The state Senate on Tuesday approved an amendment to the Wisconsin Constitution that would tweak the state’s bail system and could have major effects on Wisconsin’s criminal justice system.

Senators voted 23-9 — with all Republicans and two Democrats (Sens. Brad Pfaff, D-Onalaska, and Bob Wirch, D-Somers) voting in favor — to advance the amendment. If it is passed by the Republican-controlled Assembly on Thursday, Wisconsinites will vote on their April 4 ballots to determine if the changes to the state constitution should be made.

The amendment has been billed by Republican lawmakers as a way to get “tough on crime” in Wisconsin. Criminal law experts, though, are skeptical it would make the state safer.

“This is the first step, and it has to be the first step to fix Wisconsin's broken bail system,” said Sen. Van Wanggaard, R-Racine, the amendment’s chief author, on the Senate floor before the vote. “You can't fix the system under the current Constitution. This amendment opens the door. We can debate what the system should look like. But without the first step, without this amendment, there is no second step.”

In Wisconsin, if someone is arrested for a crime and charges have been filed against them, they appear in front of a court commissioner for an initial appearance. At that hearing, the court commissioner considers the conditions, if any, under which someone can be released while their criminal case is pending.

Posting bail can be a condition of release. However, as the state’s bail laws currently exist, judges can impose “monetary conditions of release … only upon a finding that there is a reasonable basis to believe that the conditions are necessary to assure appearance in court.”

Put another way, a court commissioner can only set a cash bail amount if there is reason to think the person making an initial appearance might not show up for their next court date.

In the U.S. justice system, defendants are presumed innocent until proven guilty by the state.

Beyond bail, a court commissioner or judge can also set conditions to someone’s release that “protect members of the community from serious bodily harm or prevent the intimidation of witnesses.”

In some rare instances, for certain felony crimes, the Wisconsin Constitution empowers judges to deny someone charged with a crime from being released before they are convicted. 

The amendment would eliminate the requirement that “monetary conditions of release” be implemented “only upon a finding that there is a reasonable basis to believe that the conditions are necessary to assure appearance in court.”
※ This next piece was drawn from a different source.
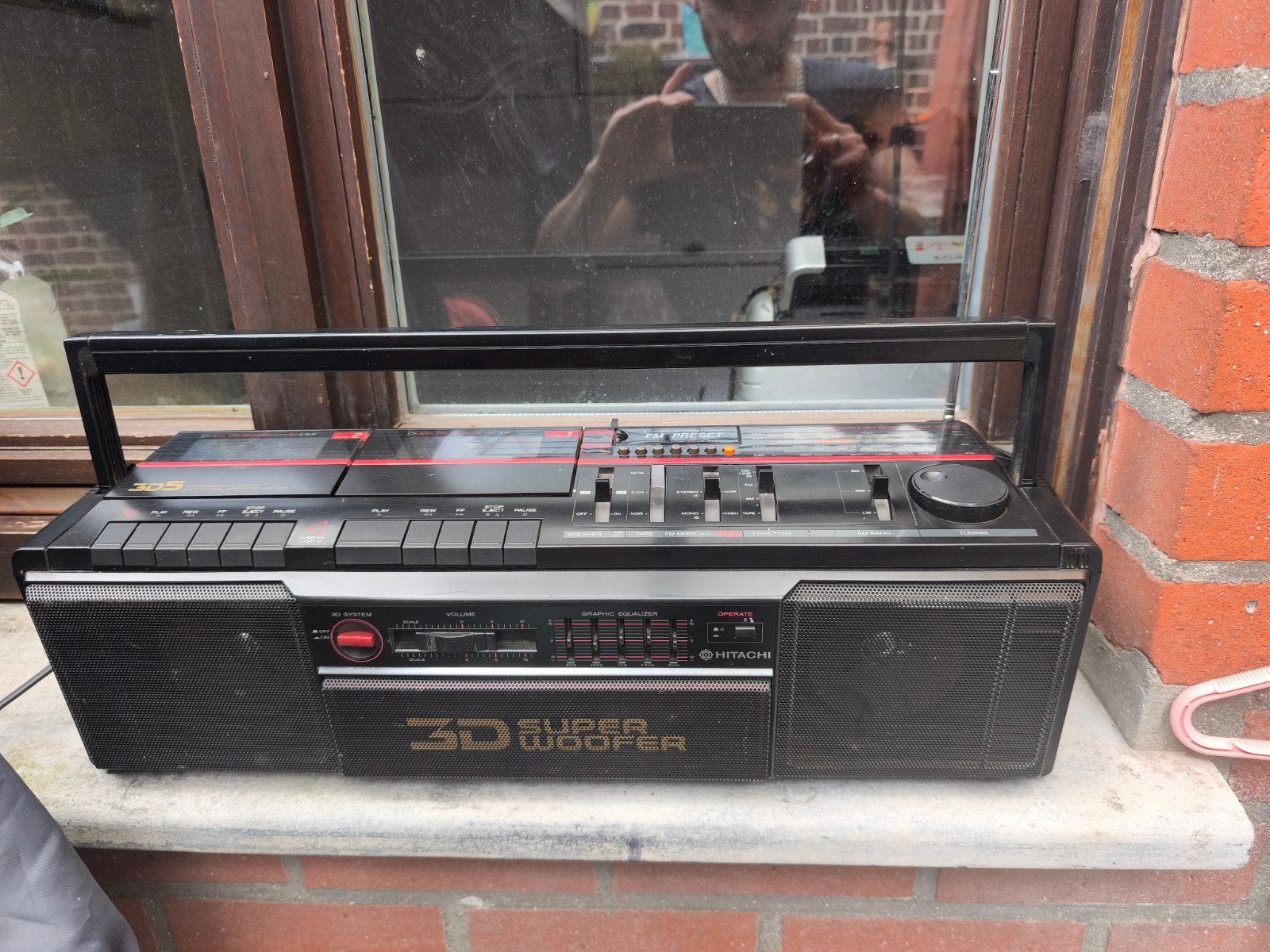 Vintage Hitachi, Ophalen of Verzenden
Instead, it would empower judges, when setting a bail amount, to consider the “seriousness of the offense charged, the previous criminal record of the accused, the probability that the accused will appear in court, and the need to protect members of the community from serious harm, as defined by the legislature by law, or prevent the intimidation of witnesses.”

It would also remove the word “bodily” from this line of the state Constitution: “All persons, before conviction, shall be eligible for release under reasonable conditions designed to assure their appearance in court, protect members of the community from serious bodily harm or prevent the intimidation of witnesses.”
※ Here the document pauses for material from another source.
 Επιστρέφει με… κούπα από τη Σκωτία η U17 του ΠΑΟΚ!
Two criminal law experts told the Cap Times last year that the amendment likely would not improve public safety in the state. Instead, they argued, it could further burden an already overwhelmed criminal justice system in Wisconsin.

Allowing a judge to impose bail for reasons beyond ensuring a defendant would appear at their next court hearing would likely result in more poor people being incarcerated, the two legal experts, Jessa Nicholson Goetz, a criminal defense attorney with Nicholson Goetz & Otis in Madison, and University of Wisconsin Law School professor Cecelia Klingele, said.

Accordingly, if judges are setting cash bail more often, the state will likely see more people incarcerated in county jails — often waiting months or even more than a year for their constitutionally guaranteed jury trial, they said.

The effects snowball from there. More people will be held in county jails, at taxpayers’ expense. Additionally, incarcerated people are more likely to lose their jobs and have their housing stability threatened, which can have a profound effect on their communities and families, Nicholson Goetz noted.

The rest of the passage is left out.